2. Ginger and dried peaches granola: Add chopped candied ginger to the granola about 20 minutes before it is done baking. Amount varies depending on taste but a little goes a long way. Add dried peaches instead of raisins.
3. Cranberry granola: substitute cranberries for raisins.

Special note: If you are doubling or tripling the recipe, the cooking time will take a bit longer. The best way to figure out when granola is done is when the oats turn golden and you can smell them baking.
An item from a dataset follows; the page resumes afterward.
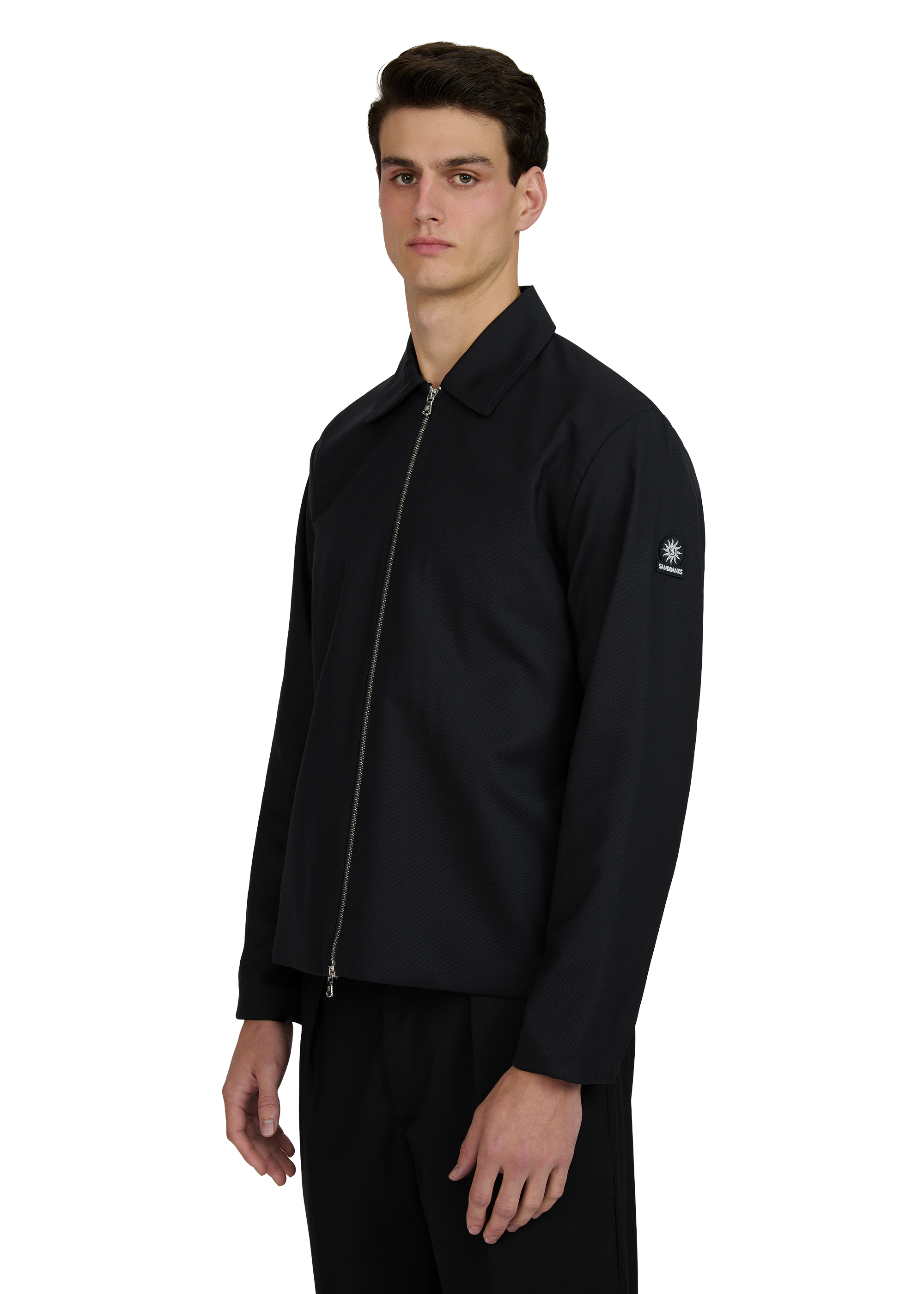 Man wearing a black jacket with a brand logo on a white background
Saturday, September 6, 2008

Salad Dressing

This is a recipe for a great basic dressing. I have a soft spot for Annie's Goddess Dressing but sometimes that tahini is too overpowering. Enjoy!

Basic Salad Dressing
1 garlic clove, chopped
4 tbls oil
4 tbls red wine or cider vinegar
1 - 2 tbls yogurt
dash of salt
dash of pepper

Combine ingredients and stir. Store unused dressing in the fridge. Shake well before serving.

Tuesday, August 19, 2008

Bread Homestyle

D made the best bread last week. Better than the bread I had been attempting several months ago before I was derailed by a broken oven, school, and moving. That said I am one lucky lady. We were both sick or at least I was at that point. It was a sickness that robbed us of our sense of smell and taste. But the fresh baked bread really hit the spot. This recipe is from D’s mom.

Bread Recipe

2 tbl yeast (two packets)
Pinch sugar
1 c warm water
1 c warm milk
1/2 c honey
3 tbs butter
2 1/2 c whole wheat flour
1 egg (slightly beaten)
1 tbs salt
3 1/2 to 4 c white flour

Combine 2 tbls yeast, the warm water and a pinch of sugar. Mix and let sit for about five minutes. Yeast should start to foam and bubble.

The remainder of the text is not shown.